Von Giuliana Prucca | Jul 2013Blue-Eyed Alì
one of many sons of the sons,
will go down from Algiers,
on sailing and rowing boats.
Thousands of men
will be with him
with little bodies and eyes
of fathers' poor dogs
on boats launched in the Kingdoms of Hunger.
Von dieser "Profezia" von Pier Paolo Pasolini stammt der Titel der Installation von Gian Maria Tosatti (* 1980 Rom, Italien) Regni della Fame (Königreich des Hungers). Es ist eine von über 200 Arbeiten, die auf der Mediterranea 16 zu sehen sind, der Biennale Junger Künstler in der faszinierenden Mole Vanvitelliana in Ancona, während des 2400. Jahrestages der Gründung der Stadt.
Einige Zähne ragen aus dem Betonfußboden, den Tosatti wie ein Meer angelegt hat. Es sind die einzigen Überbleibsel von Menschen, die in der Hoffnung auf ein besseres Leben auf der anderen Seite Tag für Tag ihre Länder verlassen. Mit dieser leeren Oberfläche korrespondiert Stimmen der Unsichtbaren von Charbel Samuel Aoun (* 1980 Beirut, Libanon), eine Installation aus verschiedenen Modellen alter Telefone. Aus jedem ertönen in verschiedenen Sprachen die Stimmen von Leuten, die der Künstler auf seinen Reisen am Mittelmeer in schmerzvollen Momenten ihres Lebens getroffen hat.
Indem sie das Sichtbare entfernen, machen beide Künstler paradoxerweise die Geschichten von Migranten sichtbar, die Worte von Ausgestoßenen, die Routen hungriger Menschen. In dieser Hinsicht geben sie ihrer eigenen künstlerischen Erfahrung Ausdruck, und zwar nicht als ein feststehendes Bild, sondern als ein reisender Raum, eine Skizze von Linien, die die Landkarten der klassischen visuellen Darstellung durchkreuzen und verwirren.
Dies ist das bewegte Bild des Mittelmeers und gleichzeitig der Mediterranea 16, deren Mission seit 1985 darin besteht, an wechselnden Orten das Zusammentreffen der Kulturen von den Ufern dieses Meeres, das verbindet, aber auch trennt, zu fördern.
Daran erinnert uns die Performance Auf Wasser laufen von Virginia Zanetti (* 1981 Fiesole, Italien): ein Gang auf dem Felsen "Il Trave" vor der Küste von Ancona, einer besonderen geologischen Formation, entstanden aus dem Zusammentreffen zweier Brüche, die etwa 1,5 km lang sind und teilweise aus dem Wasser herausragen. Der Legende zufolge soll sich "Il Trave" dereinst als ein Symbol der Brüderlichkeit bis zum anderen Ufer der Adria erstreckt haben, bis er dann durch den Zorn der Elemente zerstört wurde und das Erscheinungsbild einer zusammengebrochenen Brücke erhielt. Deswegen hat Zanetti die Konzepte des Wunders und der Utopie als unerreichbare und nicht zu verwirklichende Extreme untersucht, die außerhalb der Regeln allgemeiner Logik liegen. Aber sie erlaubt auch eine direkte Erfahrung des Mittelmeers als einer Verbindung und zugleich einer Barriere oder Grenze.

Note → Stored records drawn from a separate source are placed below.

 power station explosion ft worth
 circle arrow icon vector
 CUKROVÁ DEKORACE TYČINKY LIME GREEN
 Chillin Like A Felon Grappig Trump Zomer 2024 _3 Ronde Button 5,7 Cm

Wenn man auf der falschen Seite lebt und kein Visum erhält, kann das eine Behinderung der Bewegungsfreiheit und der künstlerischen Kooperation mit diesem Teil der Welt sein. Das passierte dem seit 2005 aktiven Ensemble für zeitgenössischen Tanz Sareyyet Ramallah: es konnte während der Eröffnungstage nicht auftreten, weil einem der Tänzer das Verlassen seines Landes nicht genehmigt wurde. Auch in diesem Falle vermittelt sich die Unsichtbarkeit der Darbietung dem Publikum seltsamerweise als eine weitere Anprangerung der Auswirkungen von Industrialisierung und Kolonialismus auf die Menschen und deren Umfeld. Durch Selbstorganisierung und Selbsterkenntnis versuchen die Tänzer, eine Strategie zu finden, um aus diesem "ganz normalen Wahnsinn" der heutigen Zeit herauszukommen, indem sie eine freie performative Situation in Palästina aufbauen. Ein Königreich der Kunst außerhalb der Strukturen der Gesellschaft.

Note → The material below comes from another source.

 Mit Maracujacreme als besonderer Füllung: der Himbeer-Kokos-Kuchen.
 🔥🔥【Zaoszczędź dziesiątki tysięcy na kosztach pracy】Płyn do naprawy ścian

They who never wanted to know, they who had eyes only to beg,
they who lived like murderers underground, they who lived like bandits
under the sea, they who lived like crazy in the sky,
they who built
laws outside the law,
they who adapted themselves
to a world under the world. [2]
Auch das schrieb Pasolini 1965 über Migranten, und es könnte heute ein Ausgangspunkt für die Künstler und Kuratoren von Mediterranea 16 sein. Indem sie ein Königreich auf den Ruinen errichten, stellen sie die alte Bedeutung des Mittelmeers wieder her: ein Becken zu sein, das verbindet, ein Treffpunkt, ein Meer, dessen Gewässer tatsächlich grenzüberschreitend sind und nicht der Gerichtsbarkeit von Staaten unterstehen. Ihre Arbeit könnte in der Geste von Randa Maddah (* 1983 Majdal Shams, Syrien) zusammengefasst sein. In ihrem Video Lichthorizont ordnet eine Schauspielerin den Raum eines zerstörten Hause im Dorf Ain Fit auf den syrischen Golanhöhen überaus sorgfältig, um inmitten von Tragödie und Zerstörung eine Vertrautheit zu schaffen.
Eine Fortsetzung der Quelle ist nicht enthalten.